Never before, since the printing of the first issue of the Journal in December 1993 following the Oslo agreements, have we experienced such terrible times. Though Israeli-Palestinian talks have resumed, blood is still being spilled and the dead - mainly Palestinian - are piling up. Can one be surprised if feelings of hatred, of despair, and calls for revenge prevail in both camps? As a result, Israeli-Palestinian cooperation is almost at a standstill, and many voices, especially on the Palestinian side, demand an end to all forms of joint activity by NGOs on both sides.

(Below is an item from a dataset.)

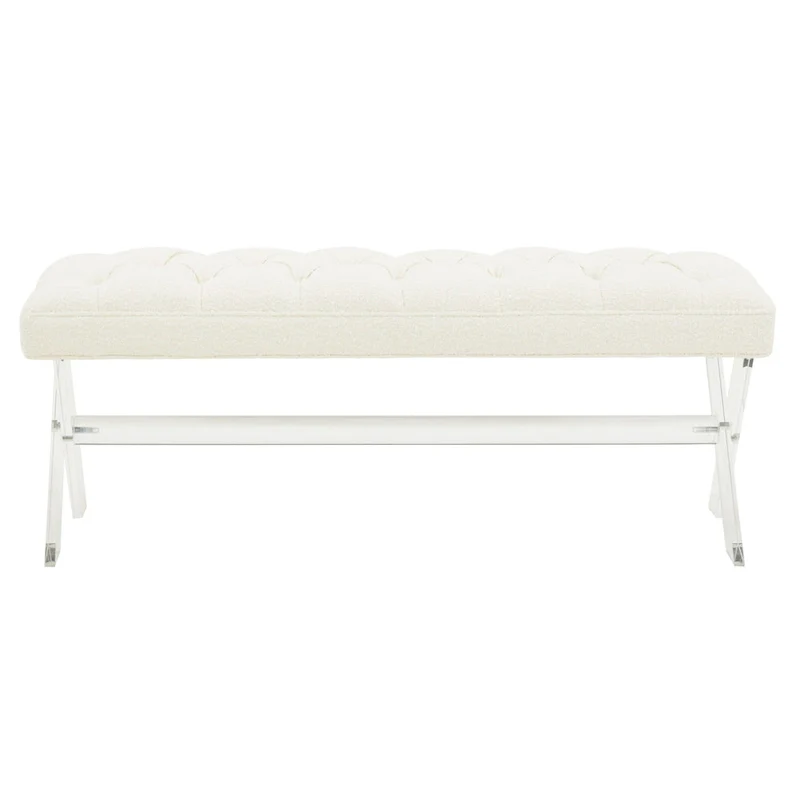 SAFAVIEH Couture Ketevan Tufted Acrylic Bench - 48x18x18. - 48 W x 18 L x 18 H - 48Wx18Dx18H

Some Israeli peace activists say they are disappointed by Palestinian behavior. They are angry with the Palestinians for interrupting the peace negotiations after the failure of the Camp David summit and, instead, launching the Al-Aqsa Intifada. They accuse the Palestinian leadership of having broken the obligation - undertaken by both sides - to settle all differences by negotiations and not to resort to violence. However, those peace activists are taking an easy way out of a complex situation. The Palestinian uprising (Intifada) did not occur suddenly, like a thunderstorm in the midst of a sunny summer day. For months, international as well as Israeli and Palestinian media had been warning of the danger of an explosion among the Palestinian people of the West Bank and Gaza, if the peace talks were to fail.

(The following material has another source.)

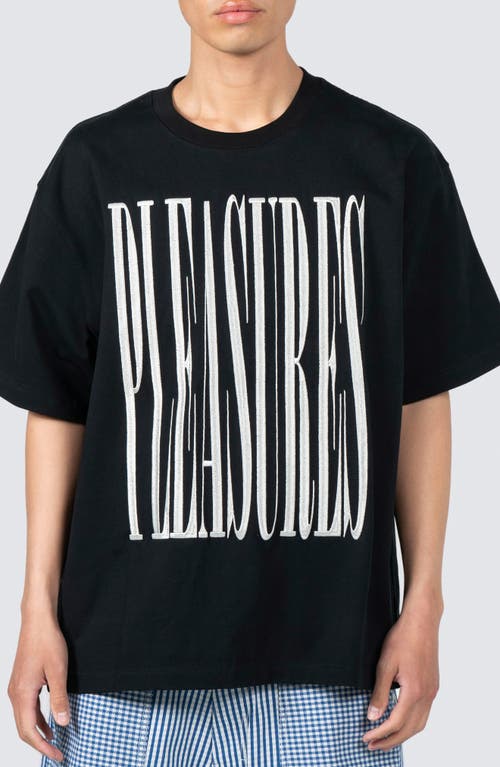 PLEASURES Heavyweight Stretch Logo Graphic T-Shirt Black at Nordstrom,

One cannot be oblivious to the fact that Palestinians and Israelis live in a different reality. When Israeli negotiators travel to Washington, Paris or Sharm el-Sheikh, they leave behind a country living de facto at peace, with a thriving economy and a decent quality of life. The Palestinian leaders, on the other hand, leave behind a people suffering from severe unemployment; a people embittered by the constant harassment meted out to them daily at roadblocks by Israeli soldiers - Ami Ayalon, former chief of Israel's internal security services (the Shin Bet) has called the Palestinian laborers' daily journey to work an "ongoing nightmare." This is a people helpless to thwart the repeated confiscation of tracts of Palestinian land by Israel to make way for more and more bypass roads for the exclusive use of Jewish settlers; a people exasperated by the continued expansion of Jewish settlements.

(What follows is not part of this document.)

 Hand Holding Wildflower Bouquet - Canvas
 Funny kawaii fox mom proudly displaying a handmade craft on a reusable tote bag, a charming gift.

In short, Israel can easily afford to negotiate indefinitely, using its superior force to create unilateral facts on the ground. While the Palestinian leadership, which exerts authority over a West Bank and a Gaza Strip carved up into separate Bantustans lacking territorial contiguity, fails to see any trace of progress on the ground. A humiliated, frustrated and angry people has lost hope of seeing the fruits of peace, and, at last, ridding itself of the Israeli occupation: after seven years of cumbersome negotiations, was it really possible for Yasser Arafat to prevent the outbreak of the Palestinian uprising, following the yet-another failed round of negotiations at Camp David? The answer to the question came following Ariel Sharon's "visit" to the Haram al-Sharif, and the next day's killing of seven Palestinians by Israeli police shooting at Palestinian youngsters who, allegedly, had started throwing stones at Jews praying in front of the Western (Wailing) Wall.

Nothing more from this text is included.